WORK TASK:
Your answer should hold exactly the lines beginning with the one that contains "Message of Love" and ending with the last line of the material, both included. Leave every picture out.

RECORDED INFORMATION Start Marker

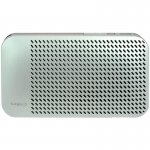 Logic3 MX7-B Bluetooth Speaker Powerbank - безжичен спийкър и външна батерия 5000mAh за мобилни устройства  2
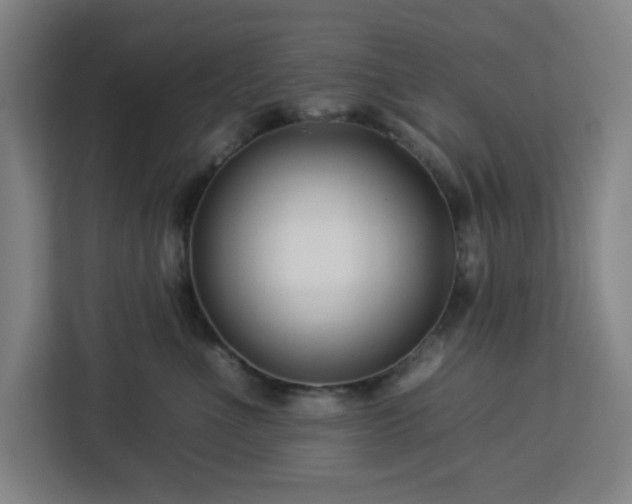 X0000112930523200908311320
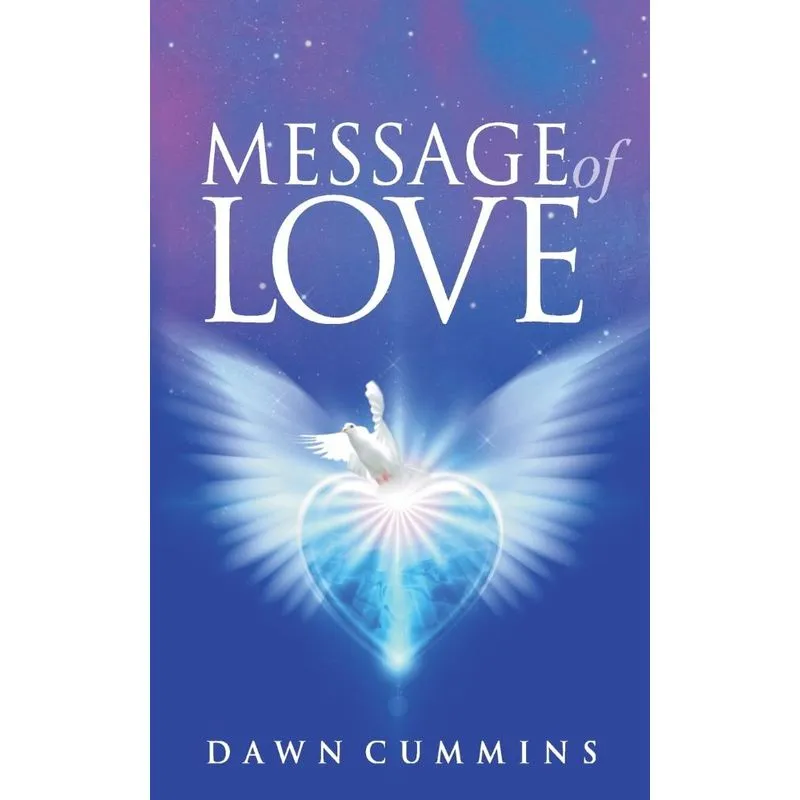 Message of Love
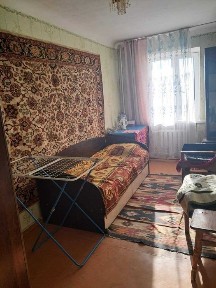 Дніпропетровська область, Дніпро, Центральний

RECORDED INFORMATION End Marker

EXERCISE OUTPUT:
 Message of Love
 Дніпропетровська область, Дніпро, Центральний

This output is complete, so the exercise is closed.